Turns out the North Shore of Lake Superior is among the most popular locations for these freshwater junkies to get their fill on waves, according to a recent feature story titled The Other North Shore by SURFER Magazine.
As the largest lake, Superior is recorded to have seen waves up to 30 feet in 1975. Although that’s an extremely rare occurrence, one can only imagine how much incredible that is to occur on a lake. The lakes also house waters that range from 80 degrees down to 32 degrees Fahrenheit.
Incredible waves are able to rip through these waters due to the fetch of the lakes, meaning that there is plenty of distance for wind to travel across the lake and build a swell. Being a lake, the waves found here are often breaking at very short periods. Also, the freshwater offers a different buoyancy for surfers, so many choose a board with more volume. And it’s cold!
It can be tough to understand what drives these surfers to chase waves in often freezing temperatures.
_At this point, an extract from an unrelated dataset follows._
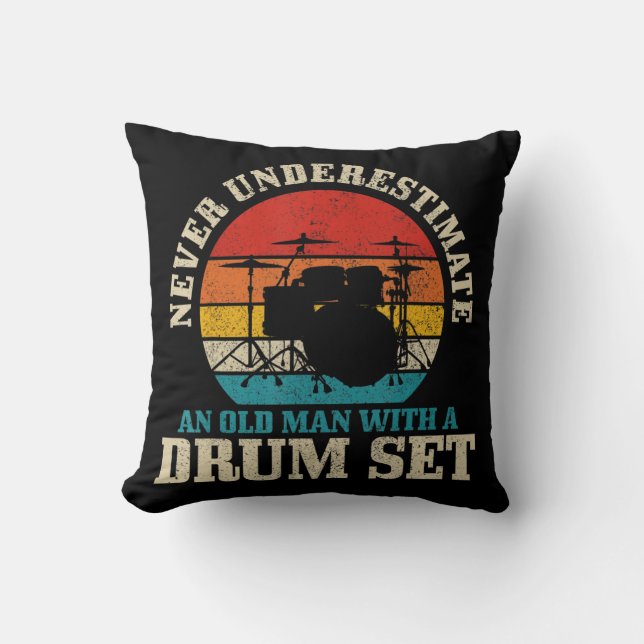 Mens Never Underestimate An Old Man With A Fat Bik Throw Pillow (Front)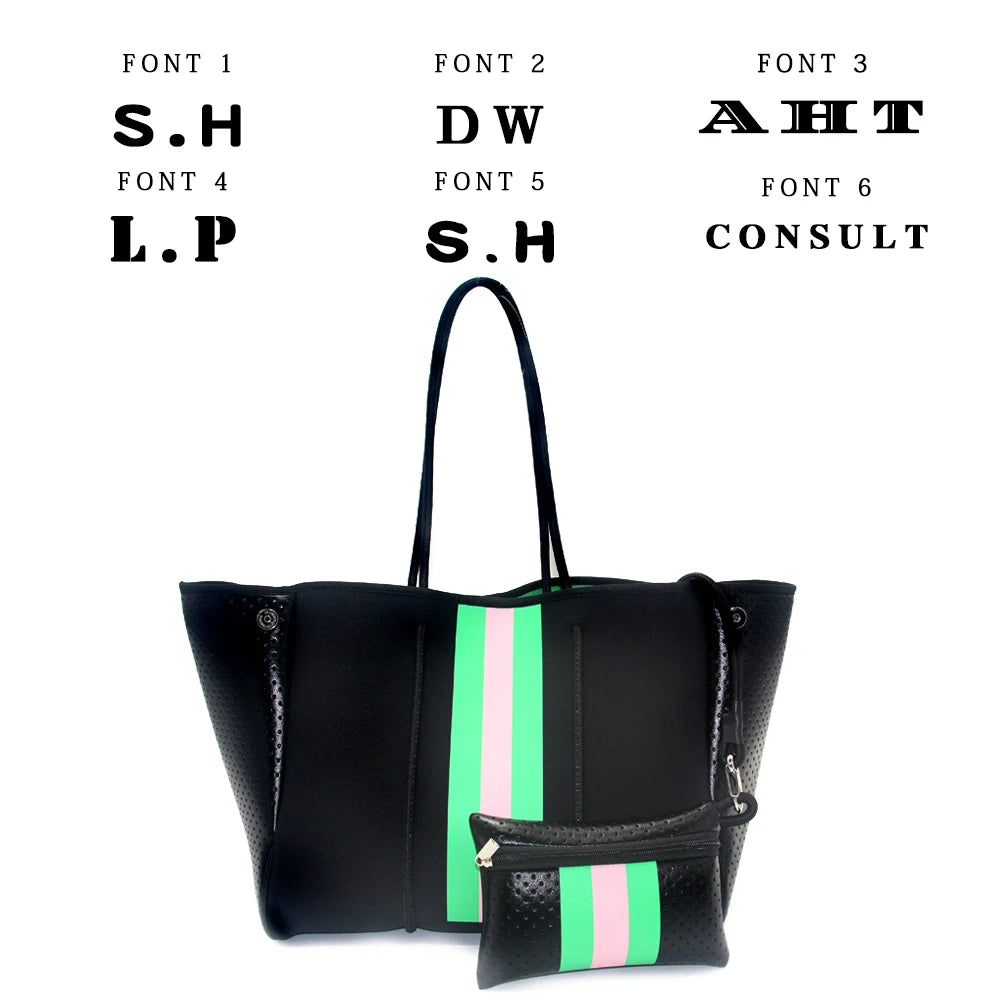 Personalized Custom Women's Handbag Printed Handbag Beach Bag Leisure Travel Tote Bag Diving Material Solid Color With Stripes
These surfers face brutal conditions and miserable weather, as the best and most surfable waves are present in the winter months due to low pressure systems and high winds. This prompts a swell that is as consistent and big as most popular ocean breaks.
In the story by Justin Hausman in SURFER Magazine, the writer explores the virbrant surf community among the Great Lakes with Wisconsin resident Burton Hathaway. The California transplant is described as the most stoked surfer around and showed it with his enthusiasm.
Like many other freshwater breaks, the Great Lakes surf community are fairly tight-knit and welcoming group unlike some of the locals-only breaks in California and Hawaii. They even created networks of surf report resources, allowing surfers to get access to current swell conditions.
From the footage and photographs, it’s clear they are stoked to even be out there perched upon their boards in such frigid waters. This attitude seems contagious for freshwater surfers, as I saw the same attitude among surfers of the man-made Boise River wave.
Though conditions are not for the faint of heart, it is oddly understandable why the surfers of the Great Lakes would put themselves through the ringer in an attempt to catch such icy waves.
If you’ve ever surfed, chances are that you left the water wanting more — whether you have a lust for one more wave on the same old break you’ve been surfing for years, or you dream of being lost on the coast of an off-the-beaten-path surf paradise. These are likely similar to the feelings of these Great Lake surfers.